The first two consecutive numbers to have two distinct prime factors are:

14 = 2 × 7
15 = 3 × 5

The first three consecutive numbers to have three distinct prime factors are:

644 = 22 × 7 × 23
645 = 3 × 5 × 43
646 = 2 × 17 × 19

Find the first four consecutive integers to have four distinct prime factors each.
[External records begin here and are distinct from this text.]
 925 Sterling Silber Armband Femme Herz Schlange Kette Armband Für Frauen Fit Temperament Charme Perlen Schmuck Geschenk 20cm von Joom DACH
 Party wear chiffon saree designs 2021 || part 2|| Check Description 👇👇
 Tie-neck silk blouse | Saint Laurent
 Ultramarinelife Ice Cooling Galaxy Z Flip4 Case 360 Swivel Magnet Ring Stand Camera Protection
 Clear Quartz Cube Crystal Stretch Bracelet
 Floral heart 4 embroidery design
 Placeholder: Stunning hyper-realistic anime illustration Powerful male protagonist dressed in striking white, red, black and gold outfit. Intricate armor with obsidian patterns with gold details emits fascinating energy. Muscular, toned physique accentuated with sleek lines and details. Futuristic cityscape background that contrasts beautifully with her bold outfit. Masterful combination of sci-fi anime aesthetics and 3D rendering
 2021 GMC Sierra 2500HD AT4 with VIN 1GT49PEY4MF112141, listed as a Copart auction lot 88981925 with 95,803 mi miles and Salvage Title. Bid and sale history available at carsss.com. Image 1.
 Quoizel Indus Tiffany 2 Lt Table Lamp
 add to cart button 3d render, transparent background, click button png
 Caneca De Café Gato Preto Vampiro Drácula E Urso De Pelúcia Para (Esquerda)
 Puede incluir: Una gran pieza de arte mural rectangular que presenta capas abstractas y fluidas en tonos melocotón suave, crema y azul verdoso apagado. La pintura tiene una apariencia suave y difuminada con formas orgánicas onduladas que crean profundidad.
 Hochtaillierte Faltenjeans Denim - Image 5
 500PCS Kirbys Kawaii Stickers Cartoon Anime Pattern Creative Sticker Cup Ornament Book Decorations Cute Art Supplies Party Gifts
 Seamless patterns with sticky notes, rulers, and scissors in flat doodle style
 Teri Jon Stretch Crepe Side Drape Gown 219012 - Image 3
What is the first of these numbers?

Instructions

Tests

tests:
  - text: <code>distinctPrimeFactors(2, 2)</code> should return a number.
    testString: assert(typeof distinctPrimeFactors(2, 2) === 'number');
  - text: <code>distinctPrimeFactors(2, 2)</code> should return 14.
    testString: assert.strictEqual(distinctPrimeFactors(2, 2), 14);
  - text: <code>distinctPrimeFactors(3, 3)</code> should return 644.
    testString: assert.strictEqual(distinctPrimeFactors(3, 3), 644);
  - text: <code>distinctPrimeFactors(4, 4)</code> should return 134043.
    testString: assert.strictEqual(distinctPrimeFactors(4, 4), 134043);

Challenge Seed

function distinctPrimeFactors(targetNumPrimes, targetConsecutive) {
  // Good luck!
  return true;
}

distinctPrimeFactors(4, 4);

Solution

function distinctPrimeFactors(targetNumPrimes, targetConsecutive) {
  function numberOfPrimeFactors(n) {
    let factors = 0;

    //  Considering 2 as a special case
    let firstFactor = true;
    while (n % 2 == 0) {
      n = n / 2;
      if (firstFactor) {
        factors++;
        firstFactor = false;
      }
    }
    // Adding other factors
    for (let i = 3; i < Math.sqrt(n); i += 2) {
      firstFactor = true;
      while (n % i == 0) {
        n = n / i;
        if (firstFactor) {
          factors++;
          firstFactor = false;
        }
      }
    }

    if (n > 1) { factors++; }

    return factors;
  }

  let number = 0;
  let consecutive = 0;

  while (consecutive < targetConsecutive) {
    number++;
    if (numberOfPrimeFactors(number) >= targetNumPrimes) {
      consecutive++;
    } else {
      consecutive = 0;
    }
  }
  return number - targetConsecutive + 1;
}